[Exercise aim]
Only the lines below starting at the one that contains "T-shirt Aurora Xmas (Design devant)" and ending at the one that contains "Stand Out From" are to be reproduced, exactly and with both ends kept.

[Source material]
===

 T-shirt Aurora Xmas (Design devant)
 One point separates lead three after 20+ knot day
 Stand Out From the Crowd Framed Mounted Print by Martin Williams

===

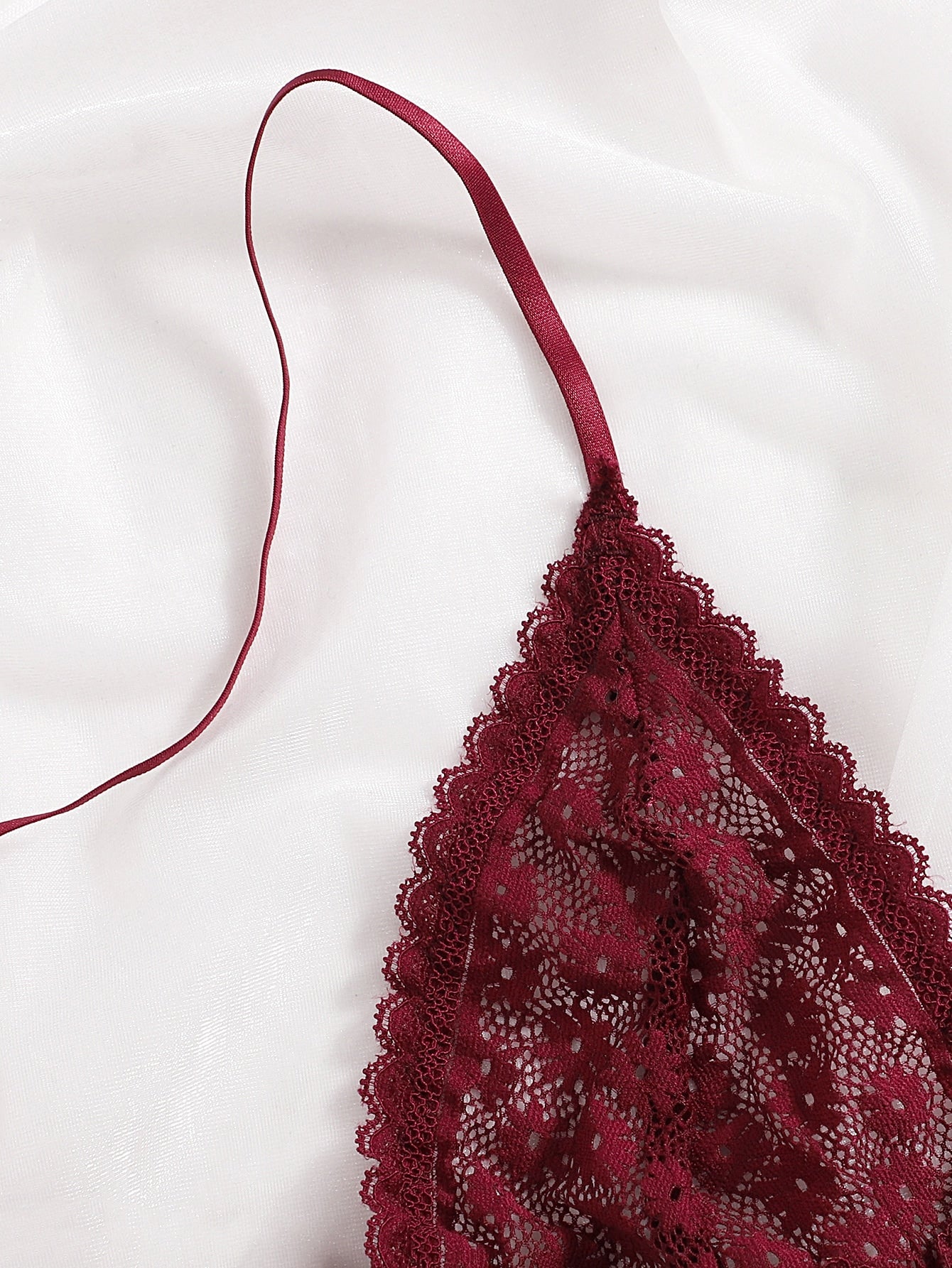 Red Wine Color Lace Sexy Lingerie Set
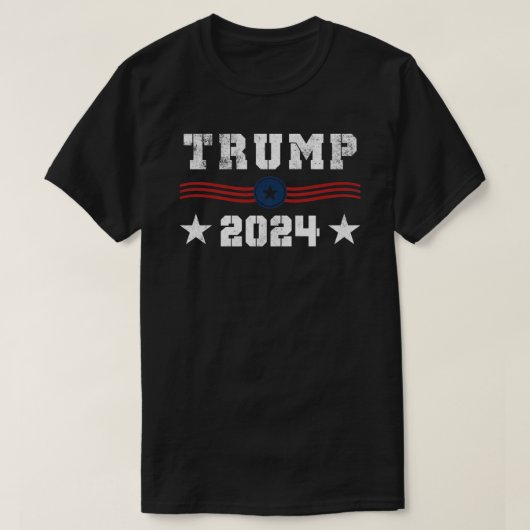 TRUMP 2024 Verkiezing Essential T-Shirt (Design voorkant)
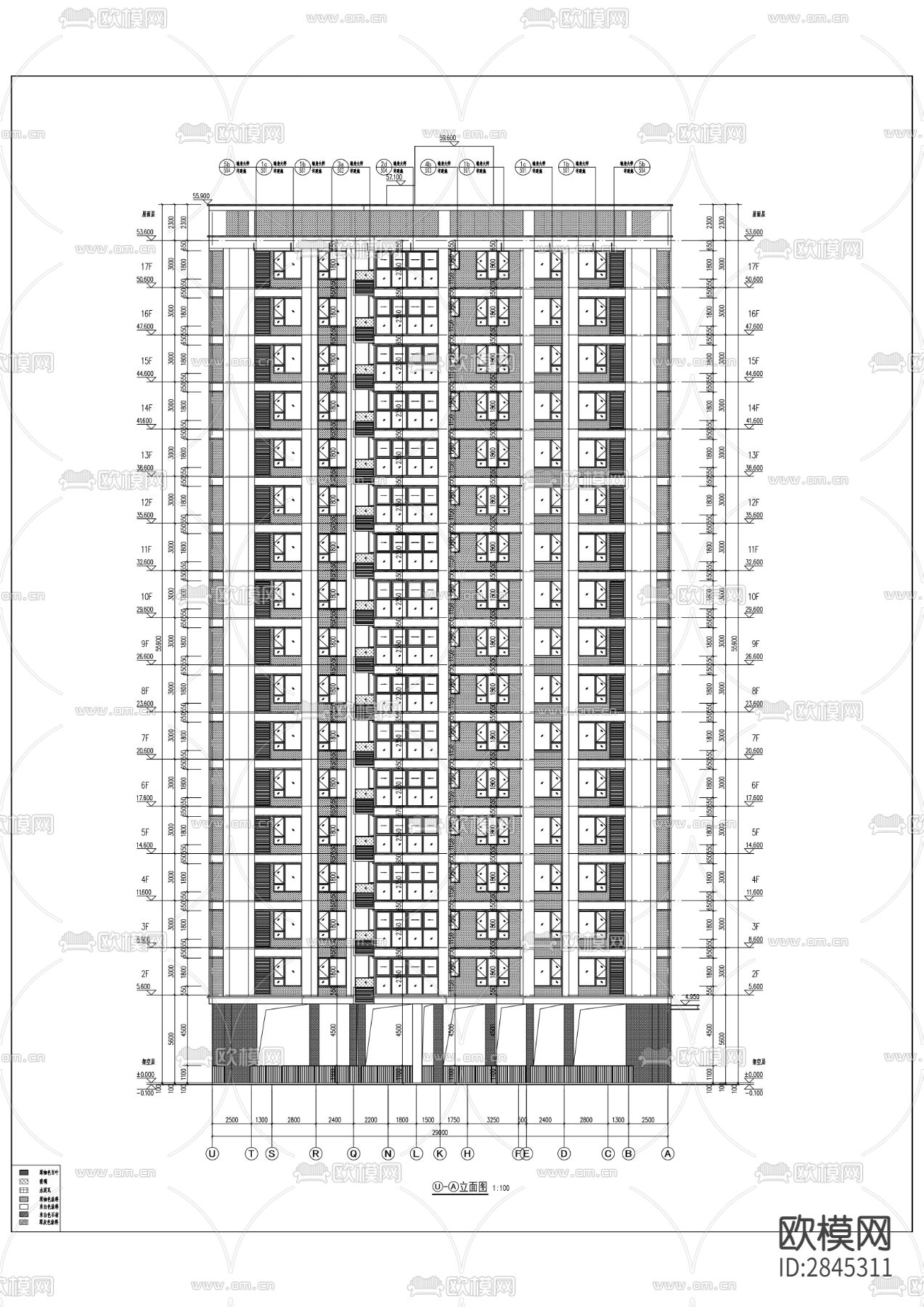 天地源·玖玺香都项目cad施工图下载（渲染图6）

===

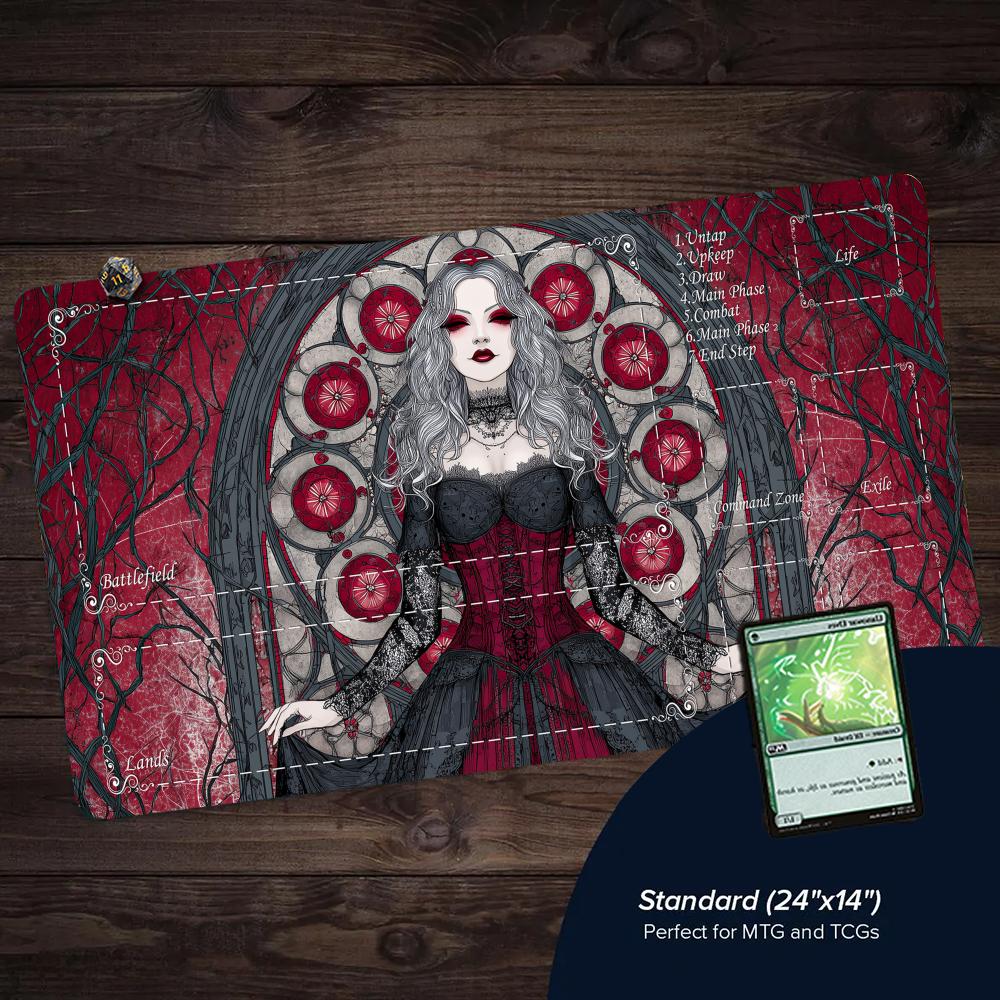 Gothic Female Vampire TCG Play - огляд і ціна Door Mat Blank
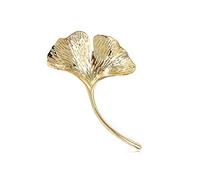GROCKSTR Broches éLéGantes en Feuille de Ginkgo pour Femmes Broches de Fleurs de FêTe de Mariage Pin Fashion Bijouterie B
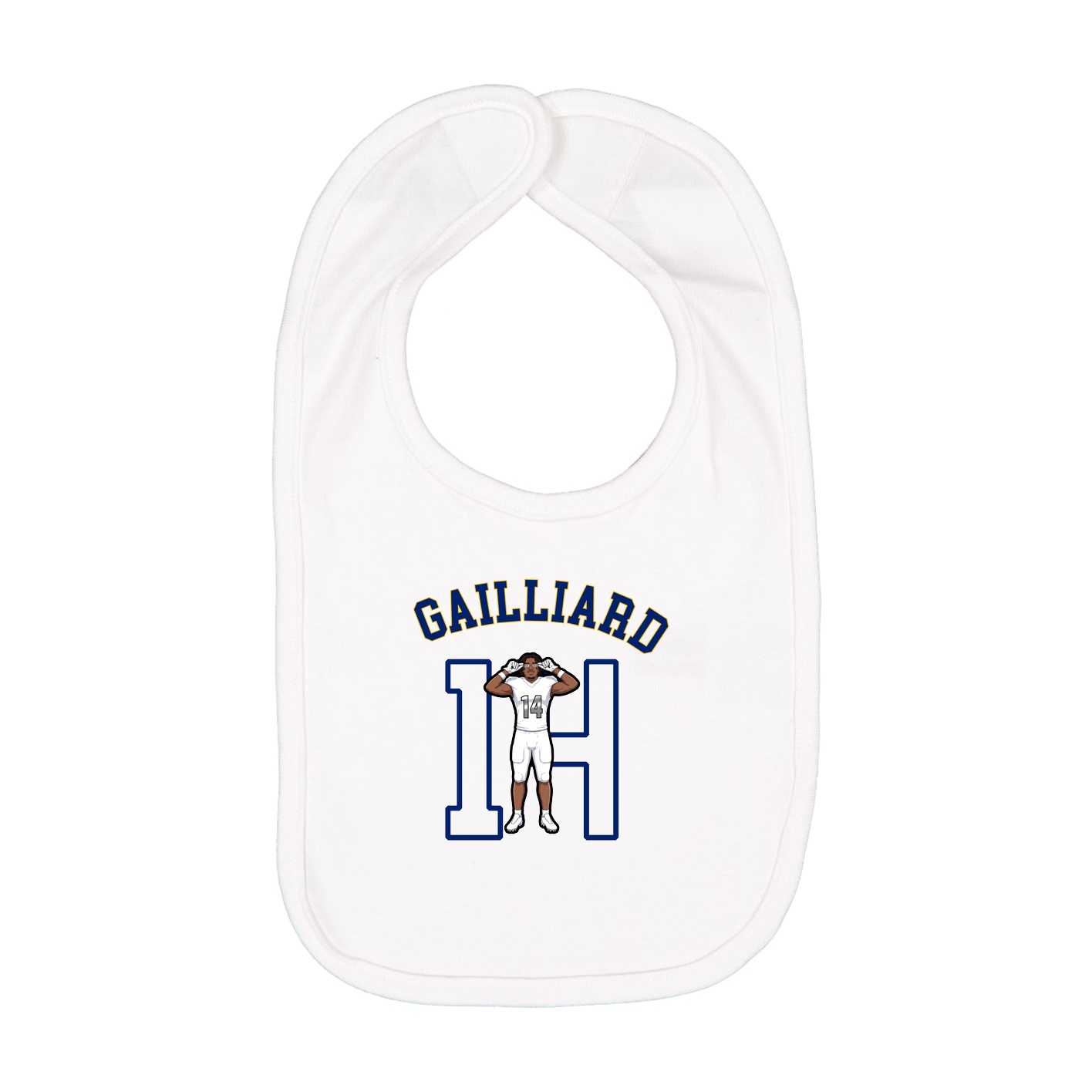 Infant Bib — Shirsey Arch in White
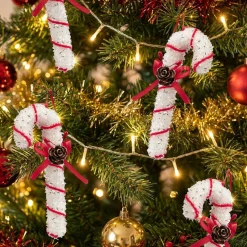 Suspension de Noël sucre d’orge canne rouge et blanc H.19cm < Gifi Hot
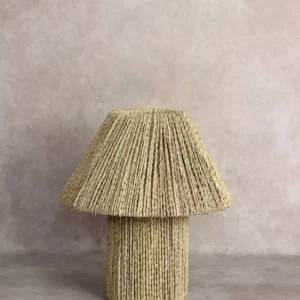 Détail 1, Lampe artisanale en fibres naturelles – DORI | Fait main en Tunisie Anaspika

===

[Exercise response]
 T-shirt Aurora Xmas (Design devant)
 One point separates lead three after 20+ knot day
 Stand Out From the Crowd Framed Mounted Print by Martin Williams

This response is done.